L'air à Téhéran est épais avec plus que le tumulte habituel de la ville ; il est lourd du poids de l'histoire et d'une défiance féroce et inflexible. Suite à l'assassinat du leader suprême Ali Khamenei, une nouvelle tempête se prépare—celle qui oppose une superpuissance mondiale à la volonté de fer d'une nation souveraine. La question sur les lèvres de tout le monde n'est pas seulement qui dirigera ensuite, mais qui a le droit de décider.
Dans un mouvement qui a envoyé des ondes de choc à travers la communauté internationale, le président américain Donald Trump a fait une déclaration audacieuse et controversée : il veut avoir un "mot à dire" dans la nomination du prochain leader suprême. Il envisage un scénario similaire à celui du Venezuela, où un leader "prêt à satisfaire les exigences de Washington" prend les rênes. Il a même publiquement écarté des successeurs potentiels, comme le fils de Khamenei, Mojtaba, le qualifiant de "légèrement capable".
"Pas par le gang d'Epstein"
Mais l'Iran ne reste pas silencieux. La réponse de Téhéran a été explosive. Le président du Parlement, Mohammad Bagher Ghalibaf, n'a pas retenu ses mots, s'attaquant sur les réseaux sociaux à ce qu'il a appelé "le gang d'Epstein" à Washington. Son message était clair comme de l'eau de roche : le destin de l'Iran est "plus précieux que la vie" et sera déterminé uniquement par le peuple iranien, pas par des acteurs étrangers.
La tension monte alors que les responsables iraniens ridiculisent l'idée d'une ingérence américaine.

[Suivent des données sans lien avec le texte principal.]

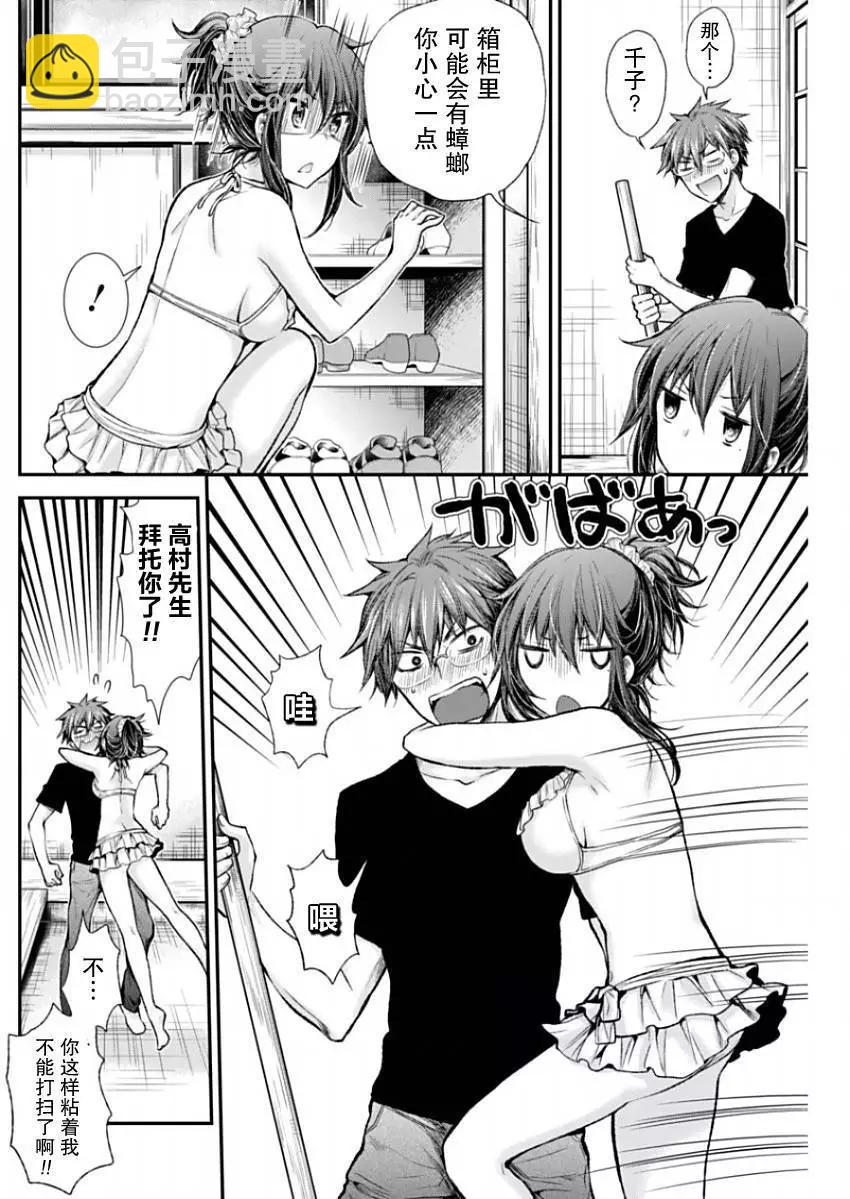 《怪女-奇怪的女高中生甘栗千子》新连载50 第17页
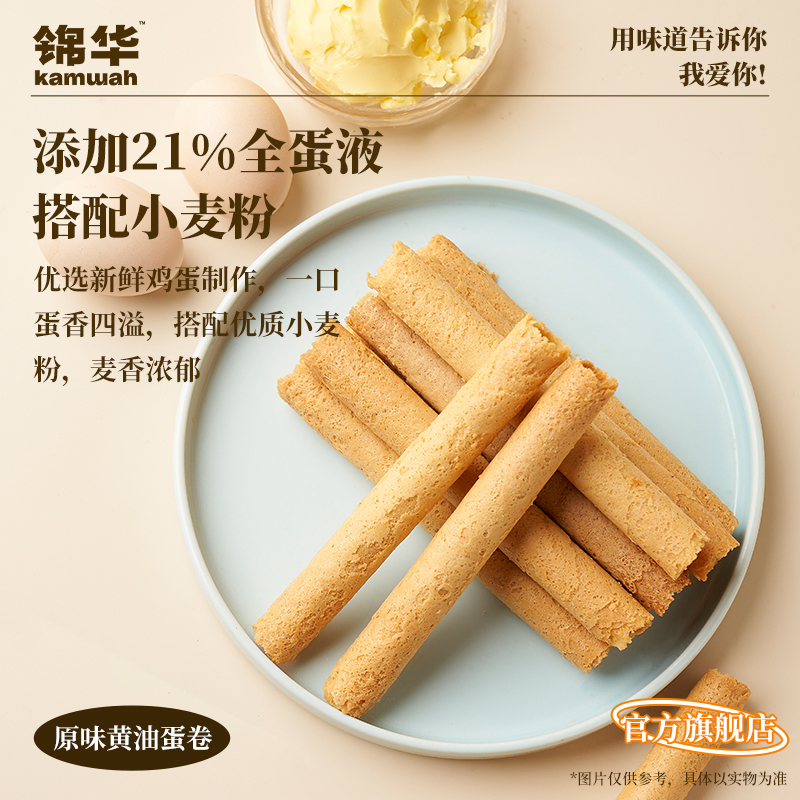 【官方旗舰店】锦华蛋卷礼盒黄油鸡蛋卷休闲零食过节送人礼品送礼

Le vice-ministre des Affaires étrangères, Saeed Khatibzadeh, a souligné l'ironie, notant que sous le système américain, Trump n'a même pas son mot à dire lors des élections municipales de New York—alors pourquoi pense-t-il pouvoir renverser un président élu démocratiquement ou choisir un Guide suprême à l'autre bout du monde ?
Une nation sous le feu, mais invaincue
Alors que le Pentagone affirme que l'Iran est sous le choc de la "mort et de la destruction" à la suite des campagnes aériennes intensives des États-Unis et d'Israël, l'humeur dans les rues de Téhéran raconte une histoire différente. Des milliers de partisans défilent, leurs voix s'élevant dans un chœur de fierté nationale et de défi.
Les experts avertissent que la poussée de Trump pourrait n'être rien de plus que "des rêves en couleur". Contrairement à d'autres nations, la structure dirigeante de l'Iran—l'Assemblée des experts—est un système profondément ancré de 88 membres qui restent fidèles à la République islamique. Il n'y a pas de "Delcy Rodriguez iranienne" en attente pour conclure un accord avec Washington.
Que se passe-t-il ensuite ?
Alors que le monde observe ce jeu d'échecs politique à enjeux élevés, une chose est certaine : le pouvoir du nationalisme est une force qui ne peut être sous-estimée. Trump exige une "capitulation inconditionnelle", mais l'Iran signale qu'il est prêt à "absorber la punition" et à se battre pour son identité.
Est-ce le début d'une nouvelle ère pour l'Iran, ou le commencement d'un conflit beaucoup plus vaste et dangereux ? Le monde retient son souffle alors que les Iraniens restent fermes, insistant sur le fait que leur avenir leur appartient et à eux seuls.